4) Add Mime types in IIS

Open a command prompt as an administrator and run the following commands:


%SystemRoot%\system32\inetsrv\appcmd set config /section:staticContent /+[fileExtension='.dat',mimeType='text/plain']

%SystemRoot%\system32\inetsrv\appcmd set config /section:staticContent /+[fileExtension='.',mimeType='text/plain']


Restart IIS.

5) Configure IIS Directory Permissions

Give full permission to the group "Everyone" in the directory "C:\inetpub\wwwroot"

6) Configure BYODAPP

Go to the Web Server tab of the AdminTool, then choose the "Use a Different HTTP server" option:

Screenshot 6-1

Then, in the same window, click on "Select a new Web Server root path", and put the path of the IIS directory, which should be something like: "C: \ inetpub \ wwwroot". Now click on "Save and Restart the AdminTool".

Screenshot 6-2


The following messages will appear:

Screenshot 6-3

Screenshot 6-4


Wait. The Admintool will be closed automatically. Then open the Admintool again and click on the Web tile.
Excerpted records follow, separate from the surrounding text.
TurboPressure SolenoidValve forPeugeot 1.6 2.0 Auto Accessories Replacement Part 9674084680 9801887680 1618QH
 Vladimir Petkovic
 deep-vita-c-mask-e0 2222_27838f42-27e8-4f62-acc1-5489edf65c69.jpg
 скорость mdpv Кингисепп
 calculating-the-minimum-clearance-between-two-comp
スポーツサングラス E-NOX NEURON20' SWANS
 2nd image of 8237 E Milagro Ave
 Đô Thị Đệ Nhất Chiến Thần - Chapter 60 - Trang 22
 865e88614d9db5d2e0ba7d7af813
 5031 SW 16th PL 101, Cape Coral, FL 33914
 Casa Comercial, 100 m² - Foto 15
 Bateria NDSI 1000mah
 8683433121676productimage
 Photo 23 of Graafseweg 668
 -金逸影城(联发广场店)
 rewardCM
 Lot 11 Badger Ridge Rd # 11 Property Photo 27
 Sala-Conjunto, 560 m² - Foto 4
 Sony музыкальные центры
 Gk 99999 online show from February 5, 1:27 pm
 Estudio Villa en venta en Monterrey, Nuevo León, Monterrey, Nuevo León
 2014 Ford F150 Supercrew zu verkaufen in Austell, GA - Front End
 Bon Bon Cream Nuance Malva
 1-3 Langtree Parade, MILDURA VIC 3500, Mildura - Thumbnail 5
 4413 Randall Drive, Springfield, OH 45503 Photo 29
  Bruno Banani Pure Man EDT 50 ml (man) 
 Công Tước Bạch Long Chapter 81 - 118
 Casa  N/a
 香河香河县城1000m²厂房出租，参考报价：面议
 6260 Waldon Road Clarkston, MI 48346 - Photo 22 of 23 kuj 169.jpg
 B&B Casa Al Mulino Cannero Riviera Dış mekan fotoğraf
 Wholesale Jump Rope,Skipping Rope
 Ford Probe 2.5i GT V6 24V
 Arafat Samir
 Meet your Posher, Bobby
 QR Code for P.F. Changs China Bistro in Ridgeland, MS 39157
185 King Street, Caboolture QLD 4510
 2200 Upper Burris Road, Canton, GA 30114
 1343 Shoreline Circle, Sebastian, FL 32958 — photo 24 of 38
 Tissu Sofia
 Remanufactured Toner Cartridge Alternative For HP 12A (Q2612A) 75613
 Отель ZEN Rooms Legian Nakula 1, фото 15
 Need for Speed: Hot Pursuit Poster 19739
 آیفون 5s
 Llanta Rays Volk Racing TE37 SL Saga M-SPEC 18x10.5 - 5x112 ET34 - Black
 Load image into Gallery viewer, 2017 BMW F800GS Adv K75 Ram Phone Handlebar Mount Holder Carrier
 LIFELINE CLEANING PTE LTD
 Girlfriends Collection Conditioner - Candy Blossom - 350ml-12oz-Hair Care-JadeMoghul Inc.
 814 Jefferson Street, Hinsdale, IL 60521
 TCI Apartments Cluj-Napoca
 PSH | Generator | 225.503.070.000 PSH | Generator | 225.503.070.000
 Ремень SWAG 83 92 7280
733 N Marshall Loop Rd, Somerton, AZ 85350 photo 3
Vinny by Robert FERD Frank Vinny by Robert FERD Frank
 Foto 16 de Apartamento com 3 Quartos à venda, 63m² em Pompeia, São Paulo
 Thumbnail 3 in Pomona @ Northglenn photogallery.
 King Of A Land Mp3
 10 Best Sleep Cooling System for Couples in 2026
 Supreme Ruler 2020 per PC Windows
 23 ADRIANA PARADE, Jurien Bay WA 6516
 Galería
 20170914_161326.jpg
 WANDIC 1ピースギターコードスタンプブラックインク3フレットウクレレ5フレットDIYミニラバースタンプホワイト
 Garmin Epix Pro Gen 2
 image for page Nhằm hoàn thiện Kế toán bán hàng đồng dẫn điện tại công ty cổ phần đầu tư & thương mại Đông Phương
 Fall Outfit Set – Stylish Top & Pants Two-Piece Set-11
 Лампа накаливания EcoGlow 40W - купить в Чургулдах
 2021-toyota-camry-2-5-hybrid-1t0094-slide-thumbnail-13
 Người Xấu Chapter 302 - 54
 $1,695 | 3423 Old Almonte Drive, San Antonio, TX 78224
Finally, restart the web servers:

Screenshot 6-6

7) Test with local host

Warning: Use a different user account.

If you try with your current user account from your own RDP session to the server, then you will be disconnected and not be able to reconnect.

Screenshot 7-1

Additional actions:

Configure RemoteApp

The "remoteapp" folder in the IIS web root (c:\inetpub\www\cgi-bin\remoteapp) must also have full permissions to the IUSR user, otherwise a 704 error will appear when attempting to use RemoteApp.

Configure 2FA

On a fresh install where 2FA has never been enabled, there is no folder named
C:\Program Files (x86)\BYODAPP\Clients\webserver\twofa, or the twofactorauth.ini file.

It's necessary : - activate 2FA in AdminTool to create this folder and this .ini file - then deactivate 2FA - then apply IUSR user permissions to the newly created twofa folder.

Failure to complete this step (even if you don't intend to use 2FA) will prevent users from logging in with an error message stating that the credentials are invalid.